There are lots more analyses you can do on this dataset! Here are some ideas.

Calculating frequencies

We'd like to be able to compare how letter frequency in names changes over time. One way to do this would be simply to compare the count of "a" from, say, 1900, to the count of "a" in 2008. But what if names also got longer during this timeframe? Instead, we should compare the proportion of "a"'s in 1900 to the proportion of "a" in 2008.

To do this, write a function calculateFrequencies that takes a list as a parameter and returns a list that has proportions, rather than raw counts. For example, if my original list was [2, 3, 1, 2] my new list would be [0.25, 0.375, 0.125, 0.25] because there are 8 total occurences in the list. Your function should not be destructive (i.e., don't modify the list that is passed in).

Test your function and then try calling plotList with the list that's returned.
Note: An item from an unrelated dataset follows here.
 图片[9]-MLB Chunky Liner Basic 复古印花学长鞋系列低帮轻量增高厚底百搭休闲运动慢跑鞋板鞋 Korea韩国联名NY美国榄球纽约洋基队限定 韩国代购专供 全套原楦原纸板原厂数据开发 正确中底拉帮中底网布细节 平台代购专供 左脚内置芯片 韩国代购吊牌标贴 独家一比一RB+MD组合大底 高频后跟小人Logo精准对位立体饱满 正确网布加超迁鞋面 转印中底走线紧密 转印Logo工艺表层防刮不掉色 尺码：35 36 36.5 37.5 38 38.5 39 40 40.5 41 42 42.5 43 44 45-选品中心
You should see the same pattern as for the original list, but with a different y-axis. Why is this?

Comparing frequencies

There's an XKCD comic that compares the frequency of letters in normal English text with the frequency of letters in car names. For example, the comic shows that the letter "x" is overrepresented in car names relative to other English text.

We'll make something similar that will allow us to compare relative frequencies over time (e.g., 2008 vs 1900) or place (USA vs New Zealand). To do this, write a function compareFrequencies that takes two filenames as parameters, and returns a list of 26 items. The nth item should be positive if the nth letter is more common in the first file than the second, and negative if the nth letter is more common in the second file than the first. More specifically, the value of the nth item should be the ratio of the frequency in the first file to the frequency in the second file. It will help to write out pseudocode on paper first!

When you test your algorithm, you may run into a problem: the function crashes if there are 0 counts of a particular letter in one of the files. Modify countLettersInFile to add 1 to every letter count. This is known as smoothing: it helps "smooth" out irregularities in the data, such as counts being 0 due to not having a large enough collection of names, while still preserving big differences in counts that come from the data.

After writing compareFrequencies, call plotList to make the plot. If you aren't seeing much detail (e.g., if only one of the values is very large), call plotList with two parameters: the list, followed by True. Adding the second parameter will make plotList use y-axis limits of -10 and 10.

Explore the data files and see if you notice any interesting trends!

Even more ideas

The files include the number of babies given a particular name. Modify your functions from Part 1 so that countLettersInFile takes an additional parameter, a boolean. If the parameter is False, behave as we did previously. But if the parameter is True, count each letter in a name n times if there were n babies born with that name. For example, if "Erin" occured 500 times, I would add 500 to my count of "e", 500 to my count of "r", and so on. You may also want to modify countLetters to take an additional parameter as well.
You might be interested in plotting other lists. For example, a list comparing the average number of characters in names from different eras. Make a copy of the plot function, rename it, and try to modify it so that it doesn't require the input list to contain 26 items.
The files include M/F for gender assigned at birth. Write a function that only counts letters for the M names or for the F names. Try to reuse code as much as possible, calling functions rather than copying/pasting code.

Anna's acknowledgements

This lab was adapted from one by Anna Rafferty. Thanks for sharing!